Smokeless tobacco keratosis is a condition that causes thick white patches to form on skin in your mouth. Your skin may also be wrinkled or look like leather. The patches form where you hold smokeless tobacco in your mouth. Examples include your inner cheek and between your teeth and gums. Chewing tobacco, snuff, and dipping tobacco (dip) can all cause this condition. Smokeless tobacco keratosis is also called tobacco pouch keratosis or snuff dipper's lesion.
How is smokeless tobacco keratosis diagnosed and treated?
The condition is not painful and does not cause other signs or symptoms. You may not know you have it until your dental provider sees the patches on a routine dental exam. Tell your provider how much smokeless tobacco you use every day, and for how many years you have used it. The treatment for smokeless tobacco keratosis is to stop using smokeless tobacco. The patches should go away within about a month after you stop. If they do not go away, see your dental provider right away. Smokeless tobacco keratosis slightly increases your risk for oral cancer.
What can I do to care for myself?
- Do not smoke, and do not use smokeless tobacco products. Tobacco and nicotine products can also increase your risk for other health conditions, such as lung and heart disease. E-cigarettes and similar products still contain nicotine. Ask your healthcare provider for information if you need help to quit smoking or using nicotine products.
- Visit your dental provider every 6 months for cleaning and preventive care. Your provider will also check for signs of oral cancer.
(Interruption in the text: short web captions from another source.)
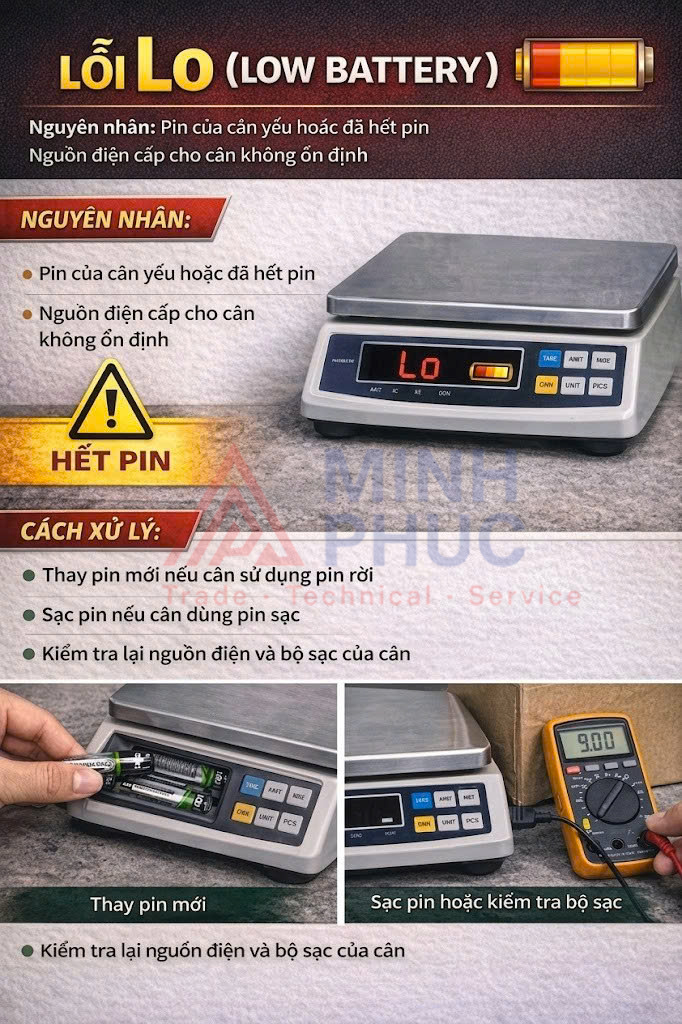 cân điện tử báo lỗi error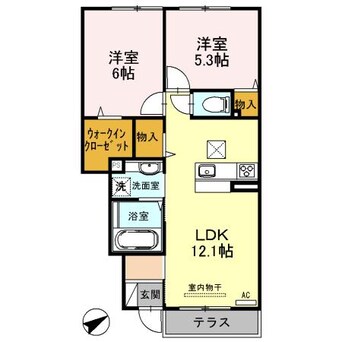 間取図 サンヴェルデ中地南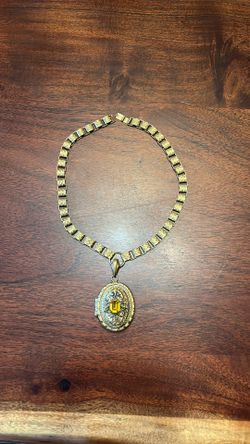 Antique Victorian Book Chain Neckless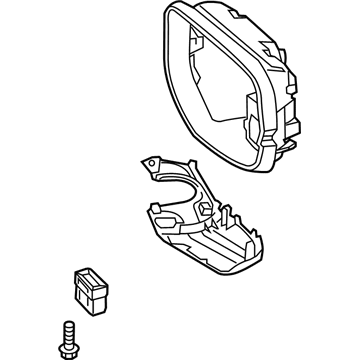 Acura 76255-TY2-H01ZA Housing Set, Driver Side (Gilded Pewter Metallic)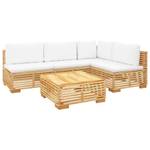 Garten-Lounge-Set 3028565-8 (5-teilig) Braun - Cremeweiß - Weiß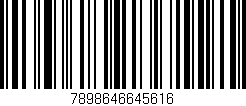 Código de barras (EAN, GTIN, SKU, ISBN): '7898646645616'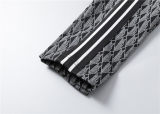 5A Men Breathable Cotton Sports Set Stand Collar Jacket Pant Suit
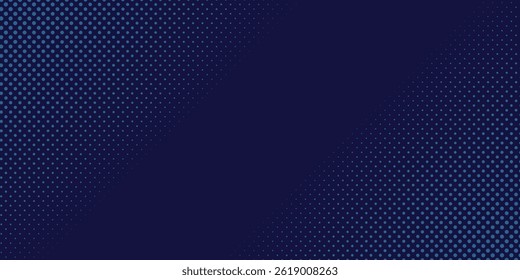 Abstract blue wavy halftone background. Dot pop art sport style vector illustration simple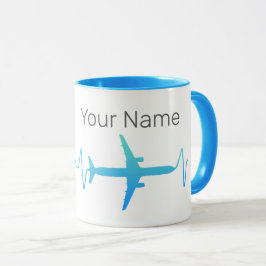 Caneca Frequência de Vintage do Piloto de pulsação de pul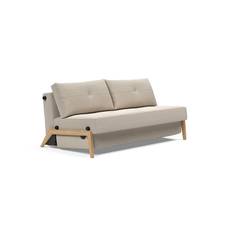 Innovation Cubed sovesofa 160 (612 Blida Sand Grey, egetræ)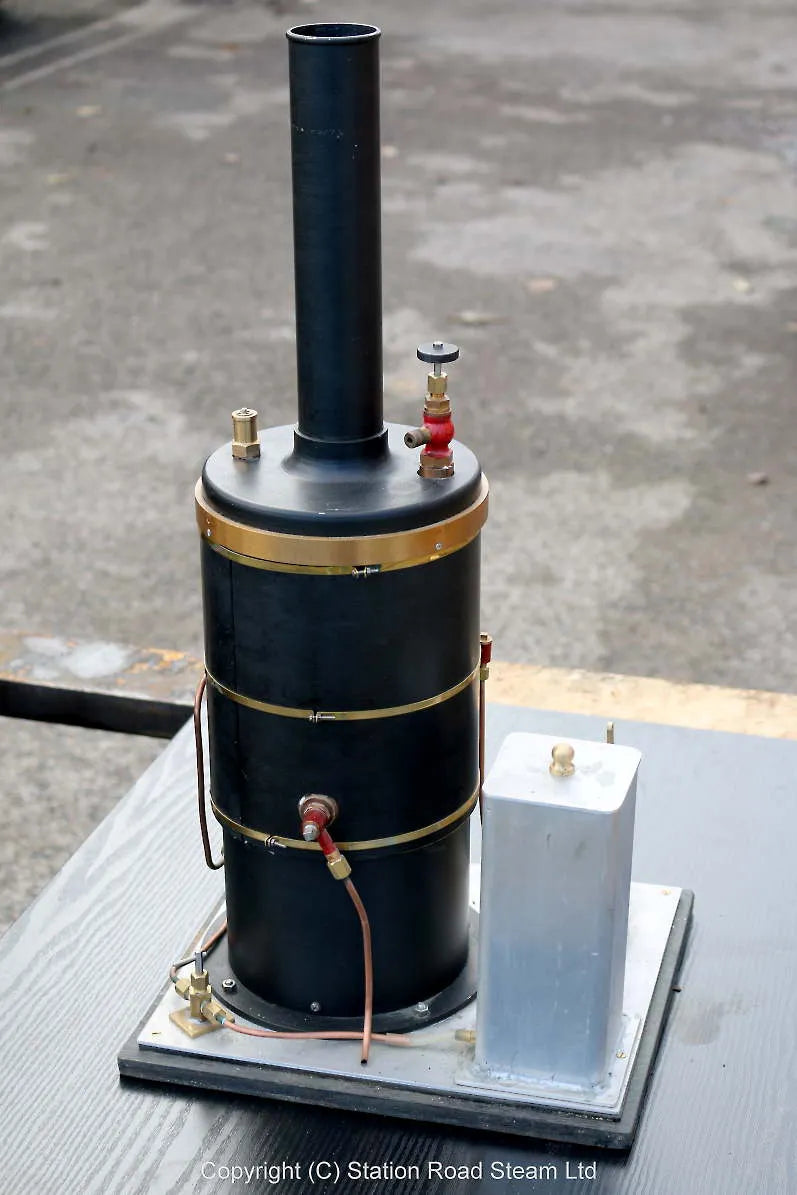Large vertical gas-fired boiler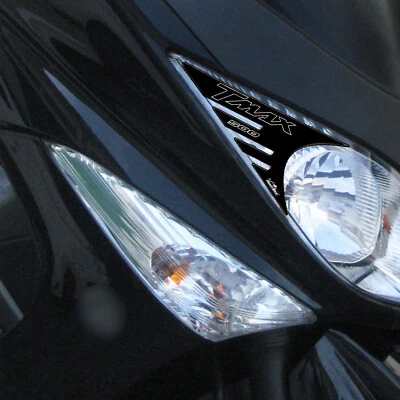 Adesivi 3D compatibili con TMAX 500 per T MAX 2008 2011 Palpebre Fari Nero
Where can I find more information and support to quit using smokeless tobacco?
Phone: 1- 800 - 784-8669
Web Address: www.smokefree.gov
When should I contact my healthcare provider?
- You have new or worsening sores in your mouth, or other symptoms develop.
- You have questions or concerns about your condition or care.
Care AgreementYou have the right to help plan your care. Learn about your health condition and how it may be treated. Discuss treatment options with your healthcare providers to decide what care you want to receive. You always have the right to refuse treatment. The above information is an educational aid only. It is not intended as medical advice for individual conditions or treatments. Talk to your doctor, nurse or pharmacist before following any medical regimen to see if it is safe and effective for you.